I knew that every artist or performer who came through my market had some basic needs, which included: the need to pay for their travel, food, and shelter; guidance and promotion of their talents; and the support and access to additional resources for professional development. The market was developed to serve each of these needs directly. The idea behind The Ripple Market was to help artists move from “struggling” to sustainable living.
Since this is Lone Star Lit, I always ask what Texas means to writers and their work. Do you think Texas is any more or less welcoming of artists of color and/or identified as LGBTQ-IA? How have you seen this atmosphere change, for better or worse, since you’ve been writing and performing?
I love Texas. I want to make my final home here—but I also love to travel and visit other cities and states. Texas has a complicated history with black people and the LGBTQ community. Unfortunately, it has meant many people who look like me end up in the criminal system. I actively work with my organization, Mano Amiga, to combat those issues. My hope is that it will become more common for people of color and LGBTQ people to receive the dignity and respect they deserve in every county of the state. It’s a long road, but I’m on it because I believe change is possible.
Which Texas writers and artists do you admire and why? How have these writers inspired your own work? Which other poets would you recommend to readers who enjoy your new book?
Some of the Texas poets at the top of my mind right now: Sandra Cisneros, Naomi Shihab-Nye, Cyrus Cassells, Mónica Teres Ortiz, Lupe Méndez, Eddie Vega, and a host of others.
Some poets and writers readers you should check?

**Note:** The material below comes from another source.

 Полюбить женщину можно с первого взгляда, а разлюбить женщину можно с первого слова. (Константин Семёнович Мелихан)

Eve Ewing, Linda Villarosa, Imani Perry, Danez Smith, Xandria Phillips, Oliver Baez Bendorf, Saeed Jones, Morgan Parker, Kiese Laymon, Nicole Shawan Junior, Jami Attenberg, Frank Johnson, Tiana Clark, Natalia Lima, Ada Limon, Rachel McKibbens, and too many more to name!
Can you tell us what’s next for you and your work?

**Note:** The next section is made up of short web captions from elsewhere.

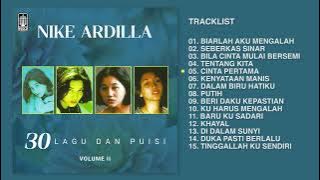 Nike Ardilla - Full Album 30 Lagu Dan Puisi Vol 2  | Audio HQ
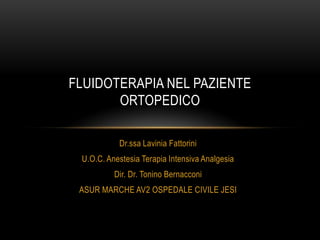 FLUIDOTERAPIA NEL PAZIENTE
ORTOPEDICO
Dr.ssa Lavinia Fattorini
U.O.C. Anestesia Terapia Intensiva Analgesia
Dir. Dr. Tonino Bernacconi
ASUR MARCHE AV2 OSPEDALE CIVILE JESI

 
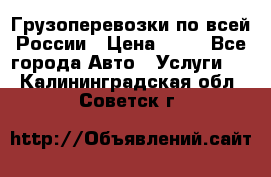 Грузоперевозки по всей России › Цена ­ 10 - Все города Авто » Услуги   . Калининградская обл.,Советск г.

I’m already halfway through a second book of poetry. It’s a look at how the climate crisis is impacting migration and, inadvertently, the carceral system’s treatment of black and brown queer people. I’m pretty excited about it. I’m also working on a memoir-in-essays, which explores my journey from inmate to community organizer. Hopefully, I’ll find a home for both projects very soon.

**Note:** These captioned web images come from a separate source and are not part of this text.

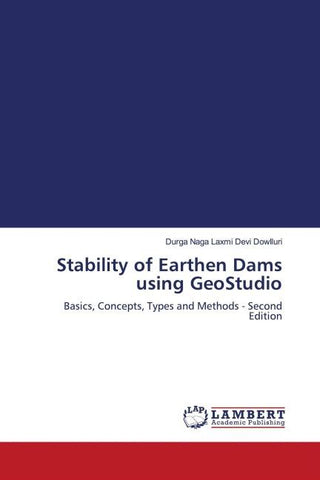 Stability of Earthen Dams using GeoStudio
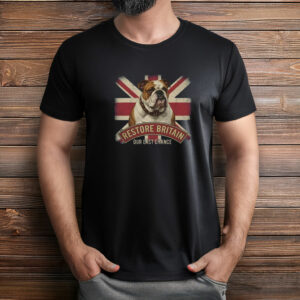 Restore Britain Our Last Chance UK Patriotic Shirt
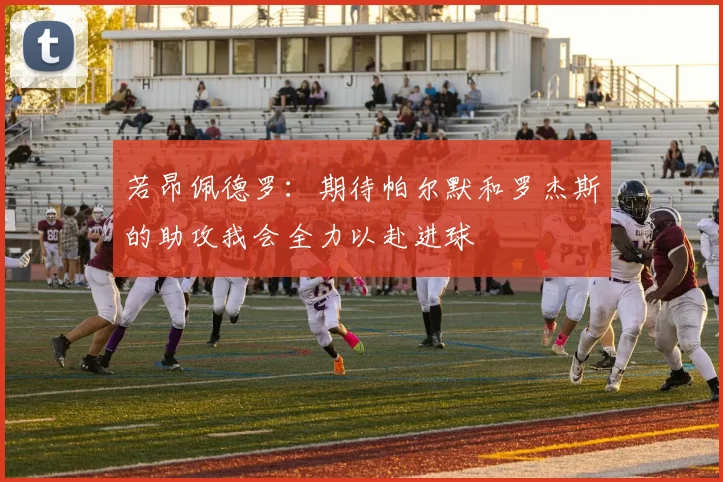 若昂佩德罗：期待帕尔默和罗杰斯的助攻我会全力以赴进球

What books are on your nightstand?
How to Be an Antiracist by Ibram X. Kendi, A Warning by Anonymous, The Water Dancer by Ta-Nehisi Coates, Little Fires Everywhere by Celeste Ng
Faylita Hicks (pronouns: she/her/they) is a black queer writer. She received the Catapult's Inaugural 2019 Black History Month Workshop Scholarship and was a finalist in the 2018 PEN American Writing for Justice Fellowship, the 2018 Cosmonauts Avenue Annual Poetry Prize, and Palette Poetry's 2019 Spotlight Award.
The 2009 Grand Slam Champion of the Austin Poetry Slam, she was a member of the 2008 NeoSoul Poetry Slam Team and won several individual regional competitions. Her visual art has been exhibited in the Texas State University Gallery of the Common Experience and Insomnia Gallery in Houston and featured in Five:2: One magazine.
Faylita is the founder and creative director of Arrondi Creative Productions and an artist on the roster for hip-hop collective Grid Squid Entertainment. In 2017, she was awarded the San Marcos Arts Commission Grant for her monthly event series, SMTX Ripple Market, which provided performance and exhibit opportunities to women, POC, and those identified as LGBTQ-IA.
Her poetry and essays have appeared in or are forthcoming in Slate, Huffington Post, Texas Observer, POETRY magazine, Kweli Journal, The Rumpus, the Cincinnati Review, Tahoma Literary Review, Prairie Schooner, Lunch Ticket, Matador Review, and others.
She received her MFA in creative writing from Sierra Nevada College's low-residency program and lives in San Marcos, Texas. She is currently at work on a memoir. Hoodwitch, published in October 2019 by Acre Books, is her first poetry collection.